Renovations started in 2004 and over a two-year period, new grass was planted and a state-of-the-art electricity system installed. The concrete seating was replaced with 74,500 plastic seats in all the stands. Two huge electronic scoreboards were installed to display footage and results of other games being played at the same time. VIP tribunes and 5-star lounges and terraces as well as fully equipped media centers and conference rooms to occupy to 300 media representatives were also built. New electronic gates replaced the old entry and exit gates and a new ticketing system was adopted to facilitate the process. Monitoring cameras connected to a control room were implemented to spot troublemakers and guide security to them. The revamp cost 150 million Egyptian pounds.

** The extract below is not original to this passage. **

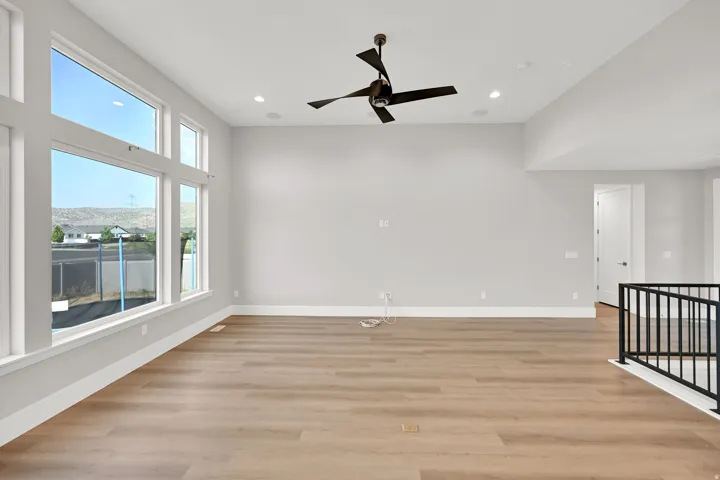 Expansive room featuring multiple large windows, wood-finish flooring, a modern ceiling fan, recessed lighting, and an open metal railing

Nowadays, the Cairo stadium is a huge sports village with three secondary training pitches, a four-arena indoor complex, an open complex for team sports, squash and tennis courts, an Olympic swimming complex, a hockey stadium, a cycling track and an equestrian track. Cairo International Stadium is no longer just a venue for football: for years it has been hosting July Revolution celebrations, collective weddings, music and theater productions, conferences, sports festivals and peaceful demonstrations. The stadium has become an integral part of the nation’s social fabric.